Taxi to the Dark Side (2007)
Director: Alex Gibney
Movie review
From Time Out Chicago
The most surprising thing about Taxi to the Dark Side may be that there’s nothing surprising in it: Seven years of executive secrecy and power abuses will alter expectations. In any case, this new film from Gibney (Enron: The Smartest Guys in the Room) takes a multifaceted approach toward dissecting the rationale for torture, starting with a case in which a taxi driver was killed at an American base in Afghanistan and following it to the core of the Bush administration’s political philosophy.

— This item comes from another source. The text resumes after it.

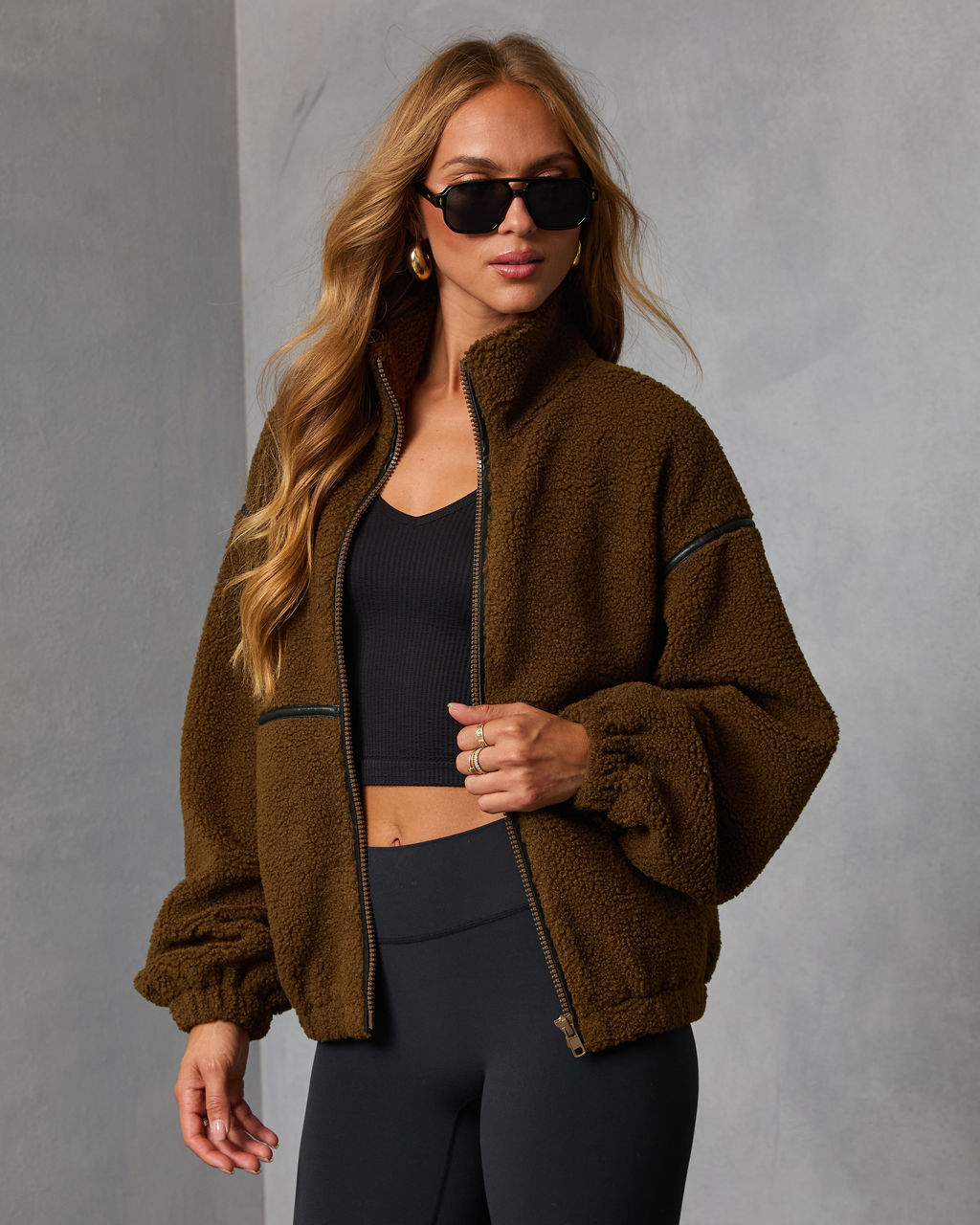 Chill Whispers Contrast Trim Shearling Jacket-Vogue Logic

Interviewing soldiers, professors and civil servants, Gibney argues that loosened definitions of torture create a slippery slope, and that ambiguity reinforces itself. Careful wording by Bush’s legal team creates a situation in which torture equates only to “extreme acts”—a phrase that is never clearly defined. Soldiers aren’t given adequate instructions, and therefore have plausible deniability if a case ever comes to trial. Torture can be dismissed as “degradation,” but if that weren’t appalling enough, experts demonstrate that the line is increasingly thin. Guaranteed by the Supreme Court, habeas corpus at Guantánamo exists only for show. And of course, torture yields false information.
As one interviewed lawyer suggests, the system doesn’t extract intelligence; it merely perpetuates the illusion that the War on Terror has been successful. By the end of this damning and skillfully presented film, it’s difficult not to agree.